Corroboration of Array Data Using qRT-PCR
The FDR adjustment of p-value in our data would hide all differentially expressed genes in some comparisons such as 50 kPa responses. The p-value without correction helped us to detect differentially expressed genes. Two genes with p < 0.01 but with FDR > 0.05 in the arrays were used to evaluate the differential expression with qRT-PCR. AHB1 (AT2G16060) and PDC1 (AT4G33070) were induced by 50 kPa in roots. The values of Log2 fold-change of these two genes based on 97 kPa control were shown in Figure S2. Quantification with qRT-PCR showed that AHB1 and PDC1 were both significantly up-regulated in roots in response to 50 kPa, 25 kPa, and 97 kPa/HypOx, which was consistent with array results (Figure S2). These results support the conclusion that FDR adjustment limited the identification of genes significantly responding to hypobaric conditions, and that using p < 0.01 without correction can help reveal these responsive genes.

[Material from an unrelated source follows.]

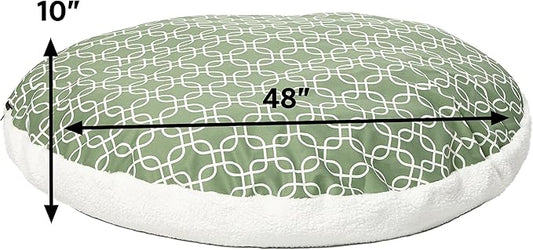 Midwest Homes for Pets PF0048T-FGR Over-Stuffed Dog Bed, Large, 48" Round, Large Dog Breed, Green Geometric Pattern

The data presented here show that plant physiological adaptation to hypobaria is certainly more involved than a simple response to hypoxia. Based on the patterns of gene expression in hypobaria with supplemental oxygen, the most influential feature of hypobaria beyond hypoxia is a water stress apparently associated with the overall reduction of gas pressure, which manifests as mimicked aspects of drought stress. However, gene expression patterns also suggest that a plant's response to hypobaria is more complex than simply a combination of hypoxia and drought stress. The gene expression patterns of plants in a normoxic low pressure environment suggest that plants are engaging genes associated with a complex stimulus that induces a novel metabolic pattern involving multiple unknown signaling components that is distinct from effects derived from exposure to either hypoxia or drought. Further, these data revealed that the molecular responses are organ specific in that roots and shoots each possess distinct metabolic strategies for adjusting to hypobaria. Taken together these data suggest that while the stress response to the novel environment of hypobaria can be largely understood as an appropriate response to the component stresses of hypoxia and water loss, those two components do not fully explain responses to hypobaria. It is likely that in a long term scenario, such as a hypobaric greenhouse, much of the metabolic stress could be ameliorated simply by supplying sufficient water to offset an increase in evapotranspiration. In addition, plant line selection and genetic engineering could also contribute to developing plants better able to thrive in extended hypobaric environments.
AP and RF contributed equally, and were responsible for the overall experimental design and conduct of the experiments. MZ performed the data analysis and took the lead on manuscript development. JC, MR, and MS prepared plant materials and conducted the low atmospheric pressure treatments. AR carried out statistical analysis of array data. AZ contributed to data analyses and was responsible data archiving in GEO. MD is the director of the University of Guelph Controlled Environment Systems Research Facility, and contributed to the experimental design. All authors read and approved the final manuscript.
Conflict of Interest Statement
The authors declare that the research was conducted in the absence of any commercial or financial relationships that could be construed as a potential conflict of interest.
The authors thank the members of the UF SpacePlants Lab, the UF ICBR Bioinformatics Core, and the University of Guelph Controlled Environment Systems Research Facility, for their support. This work was funded by grants NNX13AM46G and NNA04CC6 to RF and AP from NASA Space Life and Physical Sciences managed through Kennedy Space Center.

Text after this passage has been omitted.